In the final event of the day, the 200 metres, Lewis recorded a time of 24.34 sec. Sabine Braun's time placed her in sixth position. A strong run by Natalya Roshchupkina moved her from sixth position to second, pushing Lewis into third place.

At the end of the first day, the points scored were:
 Natallia Sazanovich, BLR: 3,903
 Natalya Roshchupkina, RUS: 3,872
 Denise Lewis, GBR: 3,852
 Urszula Włodarczyk, POL: 3,805
 Yelena Prokhorova, RUS: 3,771
 Sabine Braun, GER: 3,770
 Eunice Barber, FRA: 3,707
 Karin Specht-Ertl, GER: 3,697

The first event on the second day was the long jump. Lewis's best jump was 6.48 m, marginally behind Yelena Prokhorova and Sazanovich. Eunice Barber, struggling with injury, withdrew after this event. In event six, the javelin, Lewis achieved a throw of 50.19 m. With her closest rivals some way further back she moved into first place, with Sazanovich 63 points behind in second place and Prokhorova in third a further 83 points behind.

In the final event, the 800 metres, Lewis ran with the lower part of her left leg bandaged due to a calf and Achilles tendon injury, aiming to stay close enough to the race leaders to maintain her points advantage. Prokhorova won the race convincingly and when Lewis crossed the line behind Sazanovich it was not, at first, clear if Lewis's time of 2:16.83 was enough to retain first place. After the individual points had been calculated, it was announced, that Lewis had won with a total of 6,584 points. Prokhorova was second with 6,531 (53 points behind Lewis) and Sazanovich was third with 6,527 (4 points behind Prokhorova).

2004 Olympics
At the 2004 Olympics, Lewis was suffering from a number of injuries and withdrew from the competition after the long jump. Teammate and training partner Kelly Sotherton took bronze.

Statistics

Personal bests

Seasonal bests

International competitions

National titles
AAA Championships
Long jump: 1996, 1998
AAA Indoor Championships
60 m hurdles: 1997
Long jump: 1994, 1995, 1998
Shot put: 2004†

† Lewis was the top placed Briton at the 2004 AAA Indoor shot put behind Sweden's Helena Engman

AAA Junior Championships
Heptathlon (under-17): 1988
Long jump: 1989
British Schools International Match
Long jump: 1988
English Schools Championships
Long jump: 1986 (junior), 1987 (intermediate)

Circuit wins
Décastar: 2000

Honours, awards and recognition
Lewis was appointed Member of the Order of the British Empire (MBE) in the 1999 New Year Honours, Officer of the Order of the British Empire (OBE) in the 2001 New Year Honours and Dame Commander of the Order of the British Empire (DBE) in the 2023 New Year Honours for services to sport.
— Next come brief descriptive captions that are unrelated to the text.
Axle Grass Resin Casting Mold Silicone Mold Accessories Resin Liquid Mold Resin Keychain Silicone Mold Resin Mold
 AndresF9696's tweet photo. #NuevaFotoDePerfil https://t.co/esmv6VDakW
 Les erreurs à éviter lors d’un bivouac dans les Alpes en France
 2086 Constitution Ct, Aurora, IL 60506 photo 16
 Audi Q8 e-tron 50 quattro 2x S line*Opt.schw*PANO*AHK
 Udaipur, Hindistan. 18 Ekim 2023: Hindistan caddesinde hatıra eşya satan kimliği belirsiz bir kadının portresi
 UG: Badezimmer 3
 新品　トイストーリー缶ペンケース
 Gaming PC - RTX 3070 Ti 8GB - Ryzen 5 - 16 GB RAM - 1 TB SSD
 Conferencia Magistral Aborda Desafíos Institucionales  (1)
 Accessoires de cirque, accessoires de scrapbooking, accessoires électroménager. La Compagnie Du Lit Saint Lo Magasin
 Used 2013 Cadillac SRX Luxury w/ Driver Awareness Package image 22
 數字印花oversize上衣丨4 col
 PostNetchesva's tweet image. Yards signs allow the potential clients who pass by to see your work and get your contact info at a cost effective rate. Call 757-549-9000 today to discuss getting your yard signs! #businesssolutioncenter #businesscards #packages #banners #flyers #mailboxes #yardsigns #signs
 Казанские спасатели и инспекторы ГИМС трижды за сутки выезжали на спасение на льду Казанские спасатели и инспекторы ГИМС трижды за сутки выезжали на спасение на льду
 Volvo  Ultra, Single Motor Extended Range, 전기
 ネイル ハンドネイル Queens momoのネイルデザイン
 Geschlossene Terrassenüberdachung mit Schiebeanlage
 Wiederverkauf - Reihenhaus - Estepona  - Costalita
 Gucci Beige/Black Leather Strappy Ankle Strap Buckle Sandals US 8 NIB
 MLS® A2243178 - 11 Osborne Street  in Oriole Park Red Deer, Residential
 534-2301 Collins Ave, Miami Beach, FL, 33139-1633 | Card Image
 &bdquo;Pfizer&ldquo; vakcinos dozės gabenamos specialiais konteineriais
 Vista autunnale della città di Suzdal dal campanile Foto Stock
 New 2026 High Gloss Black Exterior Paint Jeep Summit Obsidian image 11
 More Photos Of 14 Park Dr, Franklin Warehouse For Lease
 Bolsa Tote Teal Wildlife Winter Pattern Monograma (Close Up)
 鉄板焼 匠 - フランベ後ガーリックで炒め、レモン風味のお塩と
In 2000, she was also presented with the Freedom of the City of Wolverhampton. In 2010, Lewis was inducted into the Wolverhampton Sporting Hall of Fame, while in 2011, she was then inducted into the England Athletics Hall of Fame. In 2013, Lewis was honoured at the annual Wolverhampton Famous Sons & Daughters Awards ceremony. In 2014, she was presented with an honorary degree from the University of Wolverhampton.

With Dame Kelly Holmes, Christine Ohuruogu and Paula Radcliffe, Lewis enjoys acclamation as one of the  "golden girls" of British athletics and, in 1998 and 2000 has been runner up in the BBC Sports Personality of the Year. In 2003, Lewis was put forward as a candidate in the BBC Midlands great midlander of all-time award but lost out to eventual winner Reginald Mitchell the inventor of the Supermarine Spitfire.

Lewis was voted "Sportswoman of the Year" by the Sports Journalists' Association (SJA) in 1997, 1998 and 2000, a joint-record three times, while also being named as runner up in 1996. She was selected as "Female Athlete of the Year" by the British Athletics Writers' Association (BAWA) four times, in 1996, 1997, 1998, and 2000. Lewis won the Sunday Times "Sportswoman of the Year" a record three times, in 1994, 1998 and 2000.

At the inaugural British Ethnic Diversity Sports Awards (BEDSA) in 2015, Lewis became the first recipient of the Lifetime Achievement Award.

Her British and Commonwealth record of 6831 points was set on 30 July 2000 in Talence, France. As of 2013, she ranks 15th in the Heptathlon all-time list.

In 2002, Lewis' Olympic victory was ranked 90th in Channel 4's 100 Greatest Sporting Moments.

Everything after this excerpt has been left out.